それでは、いつなら、こういう純愛があるのか。
チャン・イーモウは、文革の嵐が吹き荒れていた1970年代を舞台にしている。これは二重の意味で驚かされる。文革はなんども映画に描かれているが、それは文革を告発するものであった。この映画も文革を告発はしているが、声高ではない。描き方が静かである。これが驚きのひとつ。そして、もうひとつは、文革の時代にも文革とは無関係(?)に恋愛があった、ということである。恋愛に「時代」は関係ない、人間はいつでも恋愛をしてしまうというのは「本能」だから当たり前なのかもしれないが、その「当たり前」を当り前ではない時代を舞台にしたところに驚いてしまう。
文革の定義(とらえ方)はいろいろあるだろうが、チャン・イーモウは、文革を「人が人を監視する」時代ととらえた。「人が人を監視する」という状況のなかで、どうやって恋愛をするか。恋愛というのは個人的なものである。他人を排除して成立するものである。ところが、文革は「人が人を監視する」ということをとおして「個人的なもの」を「ブルジョア的なもの」(走資派)として排除しようとする。恋愛がのびやかに育ちにくい状況である。
だからなのか。純愛、なのである。
そして、この純愛のように、文革の時代にも、普通の暮らしはあったのだ。

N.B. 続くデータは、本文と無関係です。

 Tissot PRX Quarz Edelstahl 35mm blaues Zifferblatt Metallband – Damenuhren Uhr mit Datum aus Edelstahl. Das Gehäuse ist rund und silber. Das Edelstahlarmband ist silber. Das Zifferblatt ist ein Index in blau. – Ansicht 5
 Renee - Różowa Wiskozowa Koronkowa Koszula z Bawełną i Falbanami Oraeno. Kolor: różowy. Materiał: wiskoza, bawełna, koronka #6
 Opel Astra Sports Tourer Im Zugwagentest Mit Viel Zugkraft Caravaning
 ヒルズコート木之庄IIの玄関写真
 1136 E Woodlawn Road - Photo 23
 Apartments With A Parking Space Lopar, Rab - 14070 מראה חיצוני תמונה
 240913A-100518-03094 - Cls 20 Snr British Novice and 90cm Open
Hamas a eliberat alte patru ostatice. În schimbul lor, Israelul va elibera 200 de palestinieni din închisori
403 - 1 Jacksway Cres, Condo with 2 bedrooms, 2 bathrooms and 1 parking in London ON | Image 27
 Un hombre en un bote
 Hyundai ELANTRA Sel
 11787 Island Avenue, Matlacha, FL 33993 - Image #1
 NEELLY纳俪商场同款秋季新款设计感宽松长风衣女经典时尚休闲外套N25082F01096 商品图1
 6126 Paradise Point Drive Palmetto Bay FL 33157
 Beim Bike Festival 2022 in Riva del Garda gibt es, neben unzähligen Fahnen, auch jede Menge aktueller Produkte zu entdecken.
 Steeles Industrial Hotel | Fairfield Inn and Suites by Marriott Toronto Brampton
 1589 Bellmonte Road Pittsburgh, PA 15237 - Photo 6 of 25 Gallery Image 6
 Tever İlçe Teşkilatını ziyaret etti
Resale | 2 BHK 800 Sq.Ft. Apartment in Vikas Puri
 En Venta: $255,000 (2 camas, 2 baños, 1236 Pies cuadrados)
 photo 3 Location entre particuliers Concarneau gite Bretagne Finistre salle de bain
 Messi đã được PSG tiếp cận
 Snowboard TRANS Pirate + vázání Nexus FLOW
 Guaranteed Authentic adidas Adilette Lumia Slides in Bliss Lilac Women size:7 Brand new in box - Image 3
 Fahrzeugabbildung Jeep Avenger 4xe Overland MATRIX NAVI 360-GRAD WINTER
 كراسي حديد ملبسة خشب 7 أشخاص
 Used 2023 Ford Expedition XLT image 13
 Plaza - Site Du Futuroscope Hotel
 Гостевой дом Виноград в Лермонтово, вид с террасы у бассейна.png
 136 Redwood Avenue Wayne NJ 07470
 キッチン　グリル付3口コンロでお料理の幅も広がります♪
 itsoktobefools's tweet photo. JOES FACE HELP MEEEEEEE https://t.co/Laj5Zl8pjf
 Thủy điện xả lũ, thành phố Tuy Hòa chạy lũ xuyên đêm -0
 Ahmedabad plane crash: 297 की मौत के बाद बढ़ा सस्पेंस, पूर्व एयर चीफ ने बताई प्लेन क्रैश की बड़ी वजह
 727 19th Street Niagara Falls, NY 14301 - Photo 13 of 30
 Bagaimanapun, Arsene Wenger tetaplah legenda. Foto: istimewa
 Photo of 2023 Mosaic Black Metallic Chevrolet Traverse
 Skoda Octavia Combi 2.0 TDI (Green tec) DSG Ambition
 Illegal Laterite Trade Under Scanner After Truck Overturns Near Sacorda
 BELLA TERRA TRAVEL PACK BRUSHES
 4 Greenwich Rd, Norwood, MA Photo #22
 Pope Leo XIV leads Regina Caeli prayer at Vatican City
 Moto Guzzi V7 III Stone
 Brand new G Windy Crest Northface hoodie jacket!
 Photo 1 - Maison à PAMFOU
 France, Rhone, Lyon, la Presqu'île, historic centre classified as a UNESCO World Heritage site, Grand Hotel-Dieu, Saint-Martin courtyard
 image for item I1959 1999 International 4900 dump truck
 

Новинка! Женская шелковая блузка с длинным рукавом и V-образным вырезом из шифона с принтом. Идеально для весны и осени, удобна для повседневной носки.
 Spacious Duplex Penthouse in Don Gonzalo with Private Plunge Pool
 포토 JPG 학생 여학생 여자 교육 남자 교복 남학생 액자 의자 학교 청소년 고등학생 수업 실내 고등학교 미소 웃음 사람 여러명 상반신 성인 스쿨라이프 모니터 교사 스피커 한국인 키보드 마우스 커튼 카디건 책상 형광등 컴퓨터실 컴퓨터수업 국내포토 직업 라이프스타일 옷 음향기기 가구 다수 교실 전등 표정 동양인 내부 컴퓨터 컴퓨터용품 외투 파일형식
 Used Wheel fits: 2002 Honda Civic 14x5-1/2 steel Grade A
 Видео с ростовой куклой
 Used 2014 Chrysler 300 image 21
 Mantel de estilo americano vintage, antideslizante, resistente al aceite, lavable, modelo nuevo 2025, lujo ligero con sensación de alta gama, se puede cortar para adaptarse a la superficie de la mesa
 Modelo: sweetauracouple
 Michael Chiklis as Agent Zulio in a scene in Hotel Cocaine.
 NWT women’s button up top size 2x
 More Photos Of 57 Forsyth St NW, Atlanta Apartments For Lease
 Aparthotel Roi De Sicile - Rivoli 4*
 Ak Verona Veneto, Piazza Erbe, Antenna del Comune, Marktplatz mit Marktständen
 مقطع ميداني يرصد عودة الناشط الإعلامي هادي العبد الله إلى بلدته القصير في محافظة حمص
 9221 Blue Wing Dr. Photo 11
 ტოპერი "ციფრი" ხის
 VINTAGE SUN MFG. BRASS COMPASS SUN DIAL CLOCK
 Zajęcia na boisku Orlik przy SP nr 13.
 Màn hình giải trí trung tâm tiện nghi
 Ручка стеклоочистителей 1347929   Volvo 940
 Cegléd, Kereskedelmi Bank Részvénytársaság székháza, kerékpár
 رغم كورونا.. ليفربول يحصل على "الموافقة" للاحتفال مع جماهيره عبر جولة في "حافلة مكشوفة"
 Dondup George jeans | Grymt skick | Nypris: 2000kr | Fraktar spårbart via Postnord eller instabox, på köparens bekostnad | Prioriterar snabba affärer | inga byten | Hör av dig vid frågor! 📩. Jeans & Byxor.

純愛が、普通の暮らしの、一番純粋な暮らしにみえてくる。人は、どういうときでも「美しく」生きるものである。
その象徴的なシーンが「サンザシの洗面器」。洗面器に模様が描いてあるなんて、なんて「ブルジョア的」。だって、洗面器に絵が描いてあろうがなかろうが、洗面器の「機能」には無関係だからねえ。それでも、人は「美」を楽しむ。そして、青年はそれを見つけて、少女に「手品」をしてみせる。いいなあ。川を渡るときの小枝といい、洗面器といい、ひとはそこにあるものをつかって恋愛をする。気持ちをあらわすものなのだ。そしてそこに、必ず肉体の触れ合いがあるというのもいいなあ。
美しいものを楽しむ――といえば、少女がつくる「金魚」もいいなあ。今見れば(現在の日本から見れば)、つまらないものかもしれない。けれど、恋愛をしているときには、つまらないものなどない。すべてが美しい。すべてが「気持ち」を代弁するからだ。「無言」のなかにこそ、「ことば」がある。――というのが、純愛の必須条件かもしれない。
川をはさんで2人が歩くシーン。両岸での2人のパントマイム。――これは、まあ、テオ・アンゲロプロスの「こうのとり、たちずさんで」の川をはさんでの結婚式へのオマージュだろうね。こういう「無言」のシーンはことばがスクリーンからあふれてくるね。
それから。水遊びと自転車のシーンもいいなあ。ここでも「ことば」ははしゃぐ声だけ。それなのに、「ことば」があふれている。字幕が必要のない「ことば」、翻訳するひつようのない「ことば」。つまり、それは誰もがつかうことば、「肉体でおぼえたことば」だね。肉体関係なんて出てこないのに「肉体」の喜びがある。プラトニックとは、こういうことなのか、と思った。
思い返せば。
「紅いコーリャン」も純愛だったねえ。コン・リーが両天秤で弁当を男のところへ走って運ぶときの美しさ。それから、男がコーリャンを踏みつぶして畑の真ん中に初夜(真昼間だけれど)のベッドをつくるところ。実際のセックスをみるよりドキドキする。「肉体」の声が聞こえてくるからね。